Wrapped up H2: Thunderspire Labyrinth - not as good as Keep on the Shadowfell...

I ran Keep on the Shadowfell for the D&D group that plays periodically at Timewarp Comics & Games, right as D&D 4E was released. The particular d&d group that was playing it there meets roughly once - sometimes twice - a month, so it took us a good 6 months to play through the whole thing. This was during the honeymoon period for me with Fourth Edition, when a lot of the new powers and class permutations seemed pretty novel and exciting. After DMing the game for a few months though, for different players, I started to feel a little differently, feeling that each combat was becoming repetitive. ("I use magic missile." "I use magic missile." "I use magic missile.") It seemed to me that despite the efforts to add new options to character classes, a weakness for some classes from1st Edition had reared its ugly head again - there are courses of action that are far more preferable for certain classes, and you'll use them over and over again, despite having other options. Magic Missile might have been the weapon of choice for a 1st level magic user in 1e because that was the most effective option, but at least by 4th level, you had a lot of other options. In 4E, after a wizard has blown their encounter power(s), they're still using magic missile a heck of a lot, even at level 8 or even higher...
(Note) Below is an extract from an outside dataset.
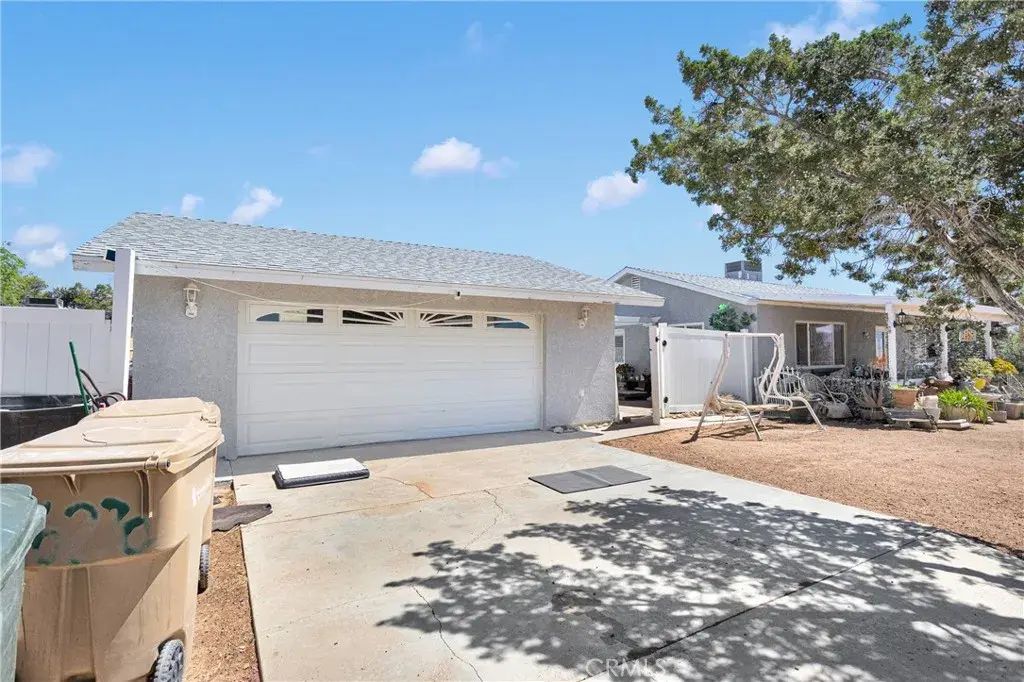 15558 Greenwood St, Hesperia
So why did Keep on the Shadowfell work for me, aside from the honeymoon stage piece? Well, it was a well done module with lots of hooks for encounters and NPCs that weren't fleshed out. It was vaguely reminiscent of T1: The Village of Hommlet from early AD&D, in that the town itself was just as much the adventure as the encounters themselves - meet the town wizard, meet the innkeeper, etc. The end of the mod felt a bit like a railroaded closing to what had been a pretty promising adventure, but that's in my opinion a necessary evil of published adventures - they need to establish closure somehow, and if there are a lot of well defined plot hooks along the way, the closing sometimes can be a bit abrupt or have some urgency to it, just for architecture's sake.
My buddy Josh ran Thunderspire Labyrinth for the same group, though, and my feelings are not the same as they were for Shadowfell. Thunderspire Labyrinth had a lot of potential - the party saves slaves captured by evil Duergar - dark dwarves - in the Underdark, have to fight off a cult associate with an ancient Minotaur temple, and more. That said, this module seemed way more heavy on the encounters and factions that were pretty two-dimensional (we get it - Duergar are evil dwarves...) rather than providing an adventuring environment and NPCs that the PCs really had any interest in protecting. The concept of a town in a mountain was great, but I didn't feel like there were any strong hooks for making this place a home for the PCs - something I always look for in settings (create a place where the PCs wouldn't mind staying, and adventuring some more).

I have a lot of respect for Baker and Mearls, I just felt like after the wide-open, sandbox-y feel of Shadowfell that Thunderspire gave a lot more potential for play outside the pages of the module, whereas Thunderspire Labyrinth had some great scenes and ideas but was more of an adventure to play as a path to completing the Heroic Tier so that you could get on with the Paragon stuff.

We're going to play a sandbox game of Forgotten Realms as the next game with this group. I'll be DMing, and the party will find themselves in the Moonsea, leveraging a lot of the things I thought Baker has done well with the Swords of the Moonsea series, and giving the players an open ended world to play in.

What'd you think of H1 and H2? Is H3 worth incorporating into our game? Interestingly, I've seen lots of folks say they thought H2 was far better than H1. Discuss!